Sunday, 9 February 2014

The anti-angiogenic potential of targeting Prostaglandin E2 receptors in tumours

Tumour hypoxia refers to the gradual decrease in partial pressure of oxygen as tumours grow. Cells more than 1-2 cm distant from blood vessels therefore have reduced access to oxygen and nutrients. Tumour cells, however, display a coordinated response to hypoxia and release a number of factors which are involved in processes such as metabolic reprogramming and angiogenesis which promote their growth further and provide a route for metastasis.

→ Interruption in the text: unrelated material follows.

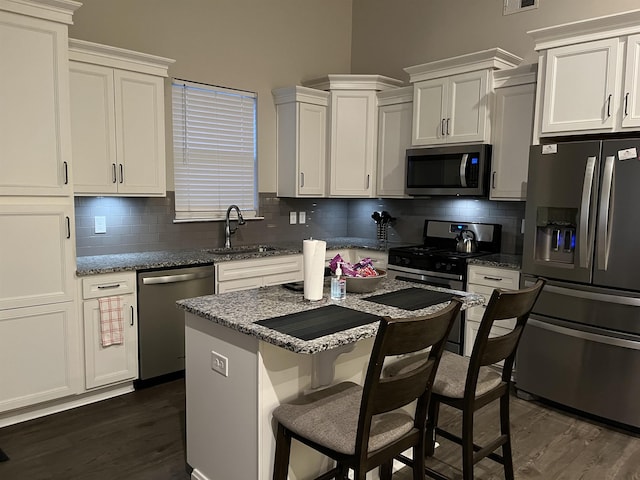 kitchen with a sink, dark wood-type flooring, white cabinets, and stainless steel appliances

Angiogenesis can broadly be defined as the growth of blood vessels from an existing vascular bed, which is dependent on endothelial cell proliferation, migration and tube formation. In healthy individuals endothelial cells are normally quiescent and only undergo proliferation in a highly regulated manner during processes such as wound healing and repair of the uterine lining. This quiescence is due to the presence of a broad group of endogenous anti-angiogenic factors which override pro-angiogenic stimuli. In tumours, however, the balance is shifted in favour of pro-angiogenic factors which mobilise endothelial cells; a phenomenon referred to as the 'angiogenic switch'.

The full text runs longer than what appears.